Friday, December 31, 2004

LRB 27,1 Jan 6th 2004

The first London Review of Books of the New Year arrives. Always welcome is Alan Bennett's diary of the last year as a measure of a certain sort of nostalgic and common-sensical opposition to New Labour and the stupidities of neo-liberalism. For 2004 I am most struck by his entry for Paul Foot's funeral. Bennett's praise for Foot and his surprised response to the mourners is charming. I hoped to be able to post it here, but sadly access denied for copyright reasons. Must be going into a book.

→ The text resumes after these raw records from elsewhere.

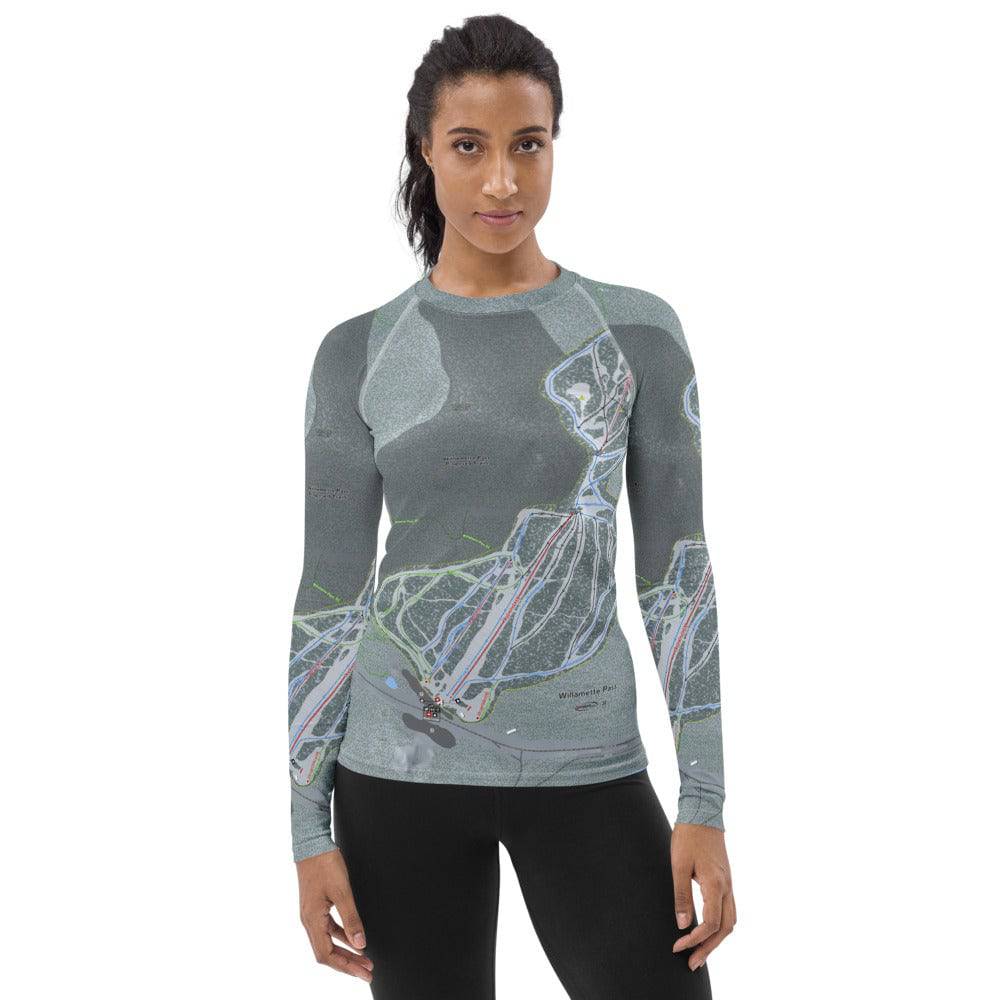 Willamette Pass, Oregon Ski Trail Map Women's Base Layer Top - Powderaddicts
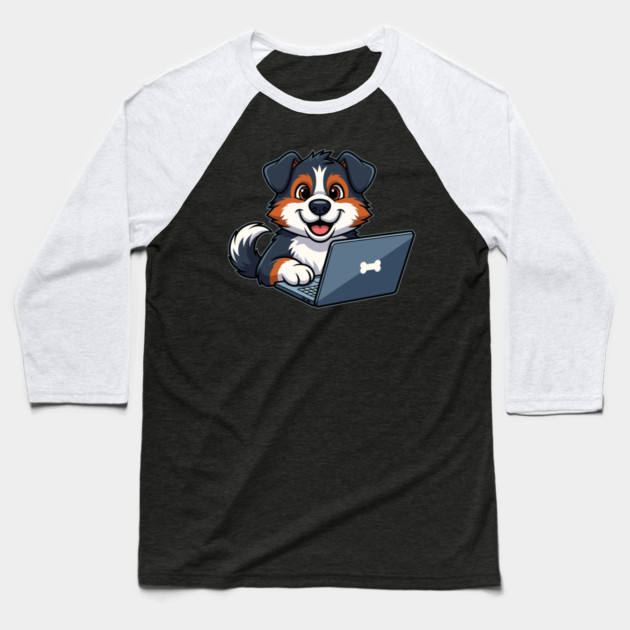 Cute Geek Bernese Puppy Baseball T-Shirt by enrynz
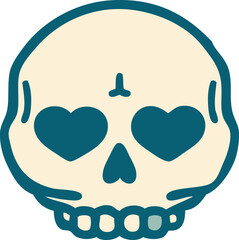 tattoo style icon of a skull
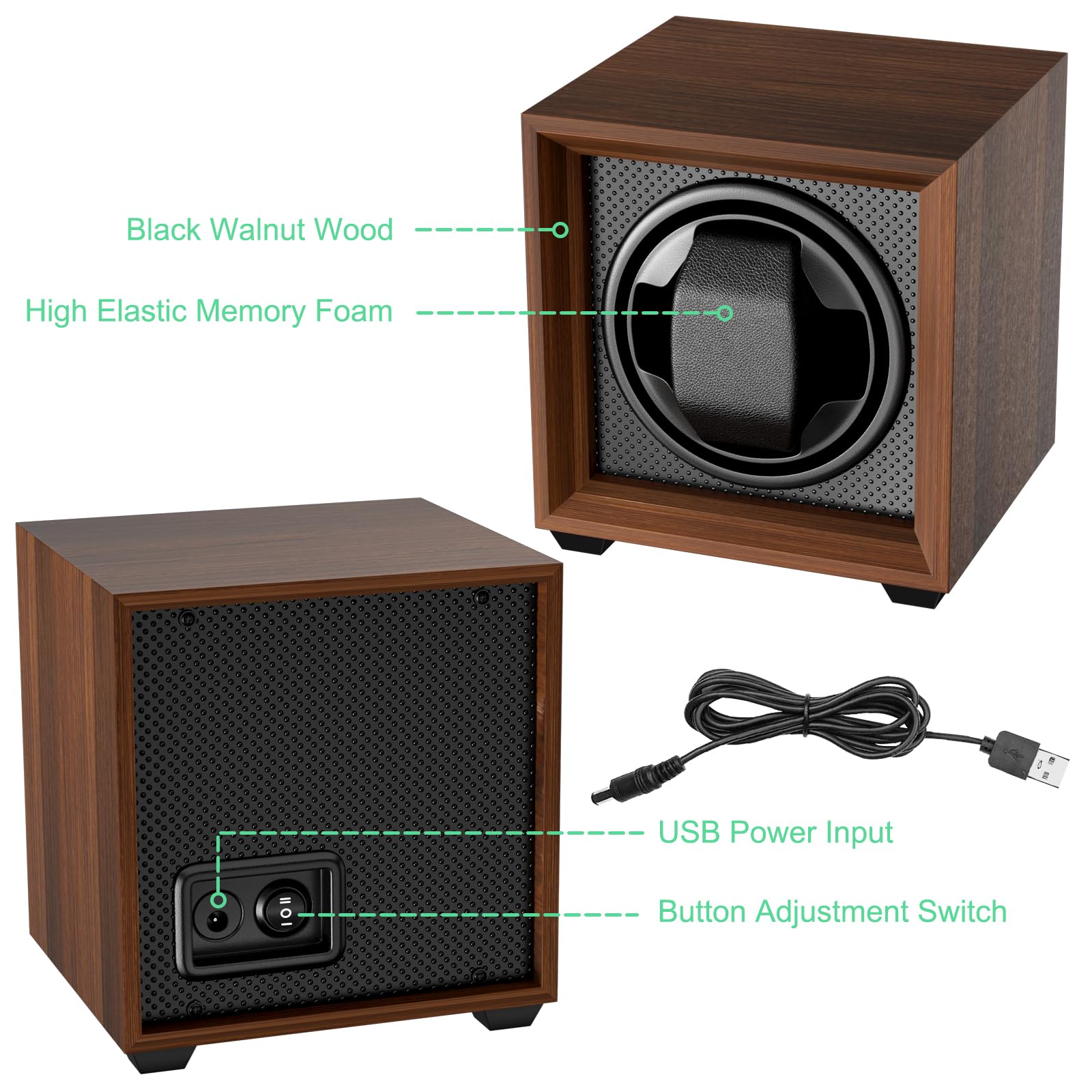 Newaner Caja para Dar Cuerda a Relojes mecánicos, automatico con Motor silencioso, 2 Ajuste Modos, Cuadrada y Color Nuez, con Puerto de Carga USB y Espuma viscoelástica
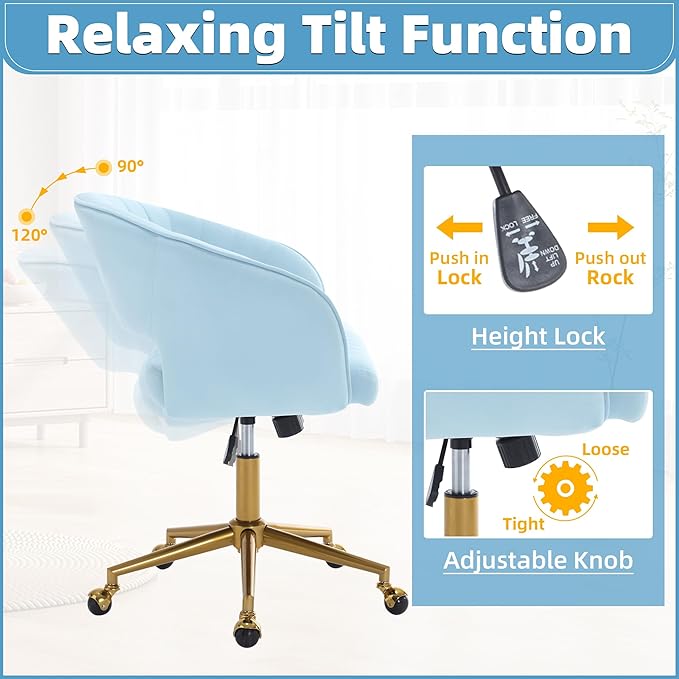 ABET Desk Chair with Wheels, Velvet Home Office Chair, Swivel Armchair Gold Base, Upholstered Modern Accent Chairs, Back Incline Adjustable for Living Room Bedroom Vanity, Light Blue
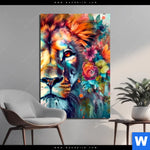 Bild Edelstahloptik Floraler Loewe Hochformat Produktvorschau mit dem Bild Floraler Löwe im Format Hochformat.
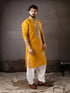 Mustard Silk Mens Kurta With Payjama - Close-up View | Samyak Fashion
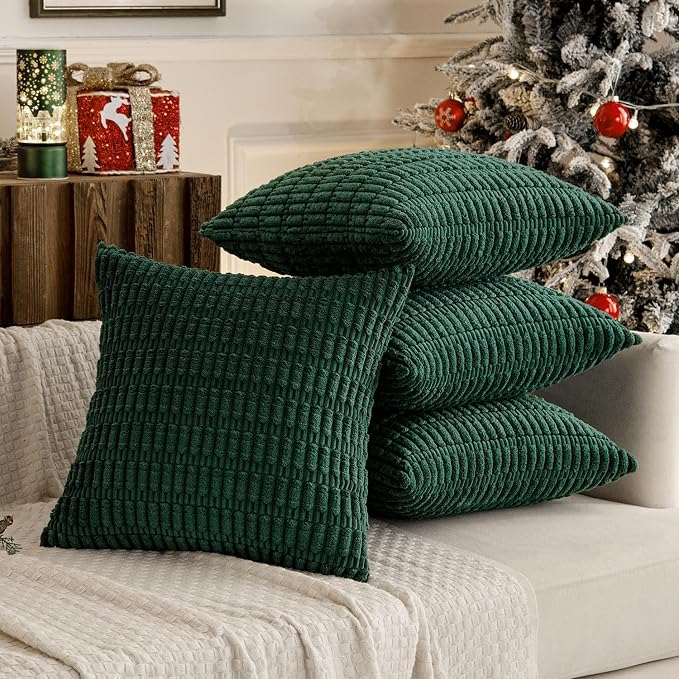 MIULEE Pack of 4 Christmas Corduroy Throw Pillow Covers 18x18 Dark Green | Neutral Rustic Farmhouse Boho Soft Striped Pillow Covers,Home Decor for Sofa,Living Room,Couch,Bed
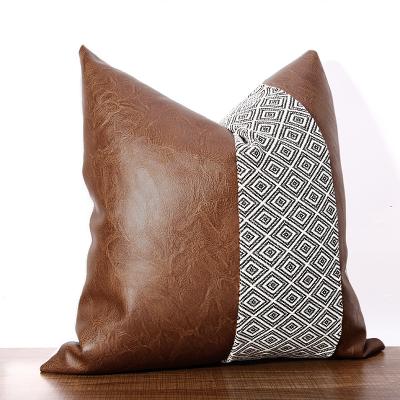 China Plain Amazon PU Patchwork Best Selling Decorative Cushion Cover Brown Leather Cojines Pillow Cover Home Decorative for sale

Elsewhere a long report from Neal Ascherson in Kiev 'Is this to be the story?' puts the events squarely in the 'genus revolution'; acknowledges the American role, but downplays it and finds the people on the square to be sharply critical of the US. Instead Ascherson sees it as a second round of the European revolutions of 1989 in a process that started in Georgia last year and if successful will spread to Belarus and maybe central Asia and Russia itself. Ascherson uses the excellent term 'demokratura' (a play on the old 'nomenklatura') for these regimes, in which he 'furniture' of democracy is really a front for manipulation and the maintenance of the privileges of post-communist elites. Are these revolutions just 'succession wars' between competing elites, who just use the crowd for their own purposes, or genuine transitions to genuine democracy. Ascherson cites events in tiny Abkhazia in November to show the bad pattern and outcome, but for the Ukraine (writing on Dec 17th) he thinks the process has gone to far, the protests lasted too long and were too big. '..the Orange Revolution took on a life, spontaneity and consciousness of its own.' The crowd in Georgia was demobilised, too late for that in Ukraine.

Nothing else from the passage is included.